Instructor: Laura Gray

Laura has taught at the secondary and tertiary levels for 20+ years and has a Ph.D. in Instructional Design for Online Learning.

This lesson will focus on encouraging students to take responsibility for their learning and become self-directed learners. In addition, it will address typical student excuses and offer suggestions for dealing with these.

Typical Student 'Excuses'

Have you ever heard the following statements from your students?

1. 'I didn't know it was due today.'

2. 'Your directions weren't clear.'

3. 'I didn't understand what I was supposed to do.'

Student confusion

There are dozens more, but if you have ever heard these, then you are not alone. Students often offer myriad reasons why they were either unable (or unwilling) to get their work done. In short, many students just do not take responsibility for their learning. This is not necessarily their fault, however. As teachers, we are often guilty of spoon-feeding our students the information they need to know.

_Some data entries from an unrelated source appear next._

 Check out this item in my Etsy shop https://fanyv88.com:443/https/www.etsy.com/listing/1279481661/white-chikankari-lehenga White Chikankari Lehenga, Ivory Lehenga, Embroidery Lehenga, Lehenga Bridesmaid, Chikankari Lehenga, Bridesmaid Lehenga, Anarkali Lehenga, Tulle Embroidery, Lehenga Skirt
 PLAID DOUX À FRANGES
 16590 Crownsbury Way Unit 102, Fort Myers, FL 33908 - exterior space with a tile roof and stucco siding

So, how can we encourage students to take responsibility for their own learning?

The Self-Directed Learner

Ideally, we would like for our students to take on the role of a self-directed learner. We would like for them to ask questions sooner rather than later, and we would like for them to dispense with the whining and excuses when they fail to submit work on time, fail a test, or fail to ask for help when they need it.

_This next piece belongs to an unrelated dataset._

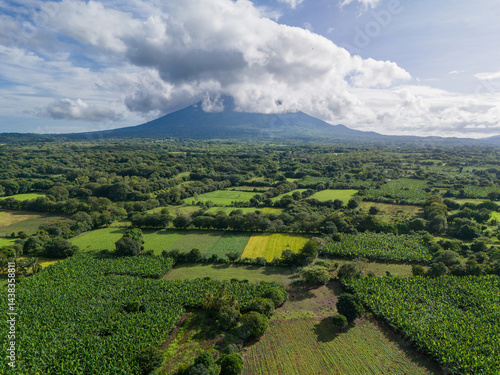 Obraz na płótnie Green agriculture field with volcano on background w salonie
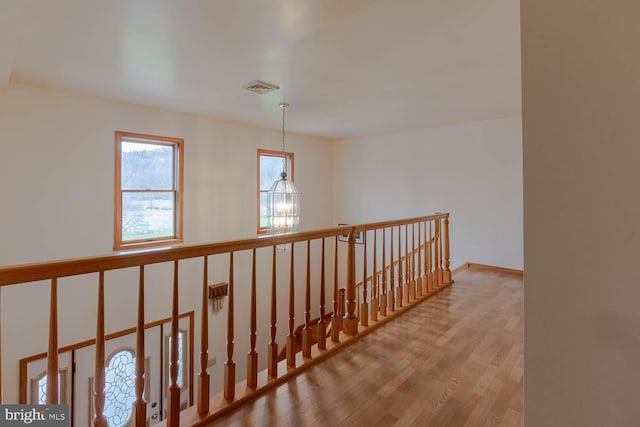 corridor featuring light hardwood / wood-style flooring and a chandelier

What is a self-directed learner?

In short, the self-directed learner is a student who realizes that the responsibility for learning is on him or her. He (or she) does not wait for the teacher to micromanage the learning process by disclosing every single thing that needs to be known. The self-directed learner takes notes in class, writes down homework assignments, asks for help when needed, and accepts the blame for his or her shortcomings.

How Can I Get my Students to Do This?

There are several methods for transitioning your students from helpless learners to self-directed learners. Here are some tips:

1. Don't be the 'Sage on the Stage.' Instead, be the 'Guide on the Side.' In other words, adopt a constructivist approach to your teaching. While we do want students to perform in certain ways and learn certain things, ultimately, having them construct their own knowledge from the information you provide will help them to become more independent.

2. Hand out or send a weekly memo to your class. This memo should outline everything that you plan to cover, where the information can be found, and what assignments are due for the week. Then, get out of the way! Some of your students will lose the memo, repeatedly ask questions about it, and maybe even tell you that it is not 'fair' that they have been tasked with keeping up with it. That's okay. Your standard answer for questions that can be answered by reading the memo should be 'this information can be found in the memo.' Again, this will encourage independence and responsibility.